▶ **ACTIVITY**
Restate all of the following data exactly, keeping any images out of the copy.

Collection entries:
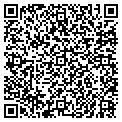 QR code with Optidoc contacts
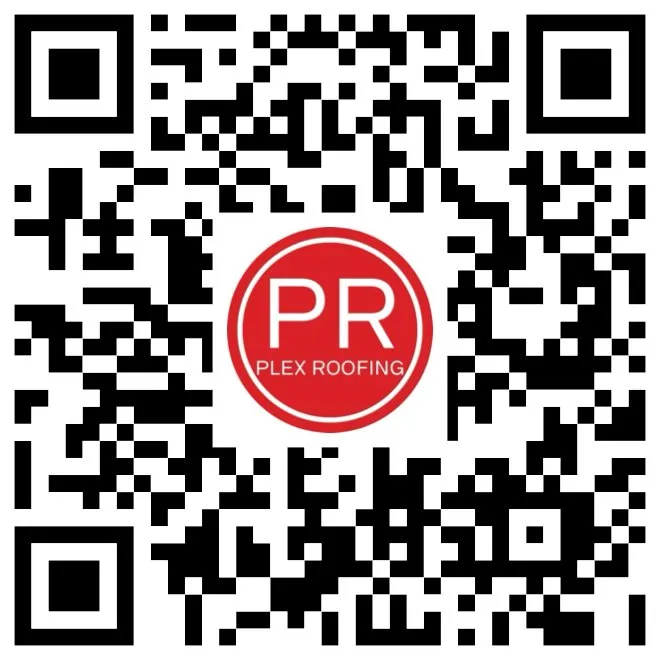 Slide of Rhodes On Roofs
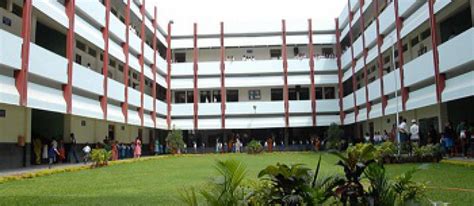 jindal public school bangalore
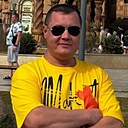Максим, 36 лет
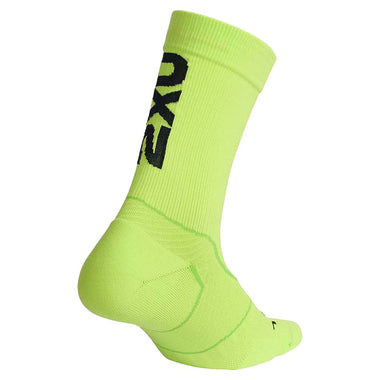 Vectr Light Cushion Crew Socks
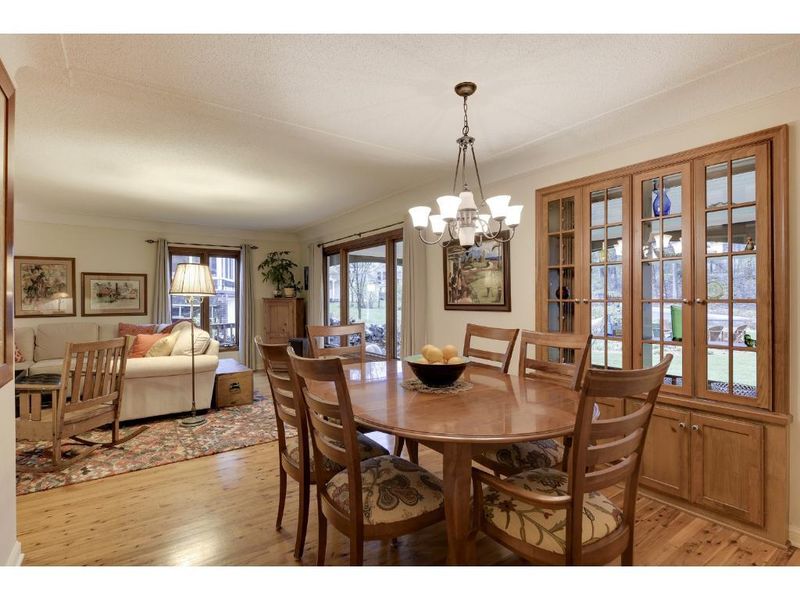340 E Minnehaha Pw, Minneapolis, MN 55419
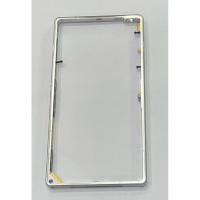 ราคา แกนบอดี้Sony Xperia Z1 ชิ้นส่วนกลาง (27309853518)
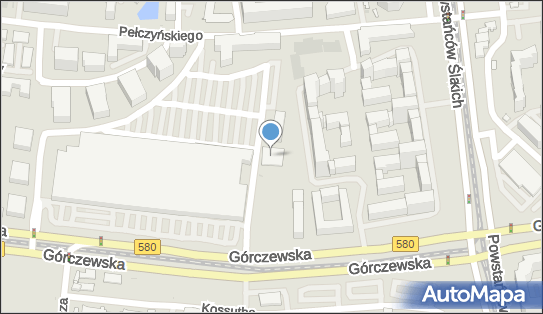 5252458741, Growth Poland sp. z o.o. 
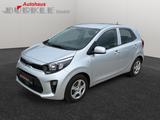 Kia Picanto 1.0 Edition 7/ wenig KM/ 8Fach/ Garantie
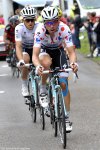 tdf14st10-martin.jpg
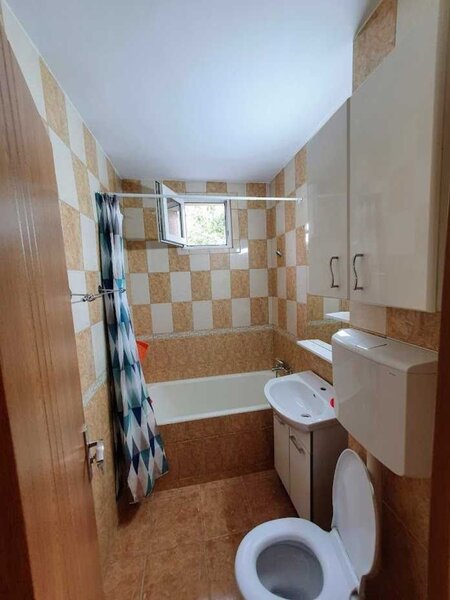 Drumul Taberei, Chilia Veche, 2 cam. 52 mp,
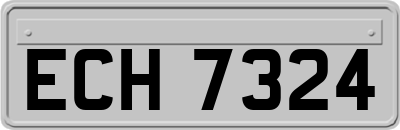 ECH7324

▶ **RESULT**
 QR code with Optidoc contacts
 Slide of Rhodes On Roofs
 jindal public school bangalore
Максим, 36 лет
 Vectr Light Cushion Crew Socks
340 E Minnehaha Pw, Minneapolis, MN 55419
 ราคา แกนบอดี้Sony Xperia Z1 ชิ้นส่วนกลาง (27309853518)
 5252458741, Growth Poland sp. z o.o. 
 Kia Picanto 1.0 Edition 7/ wenig KM/ 8Fach/ Garantie
 tdf14st10-martin.jpg
 Drumul Taberei, Chilia Veche, 2 cam. 52 mp,
 ECH7324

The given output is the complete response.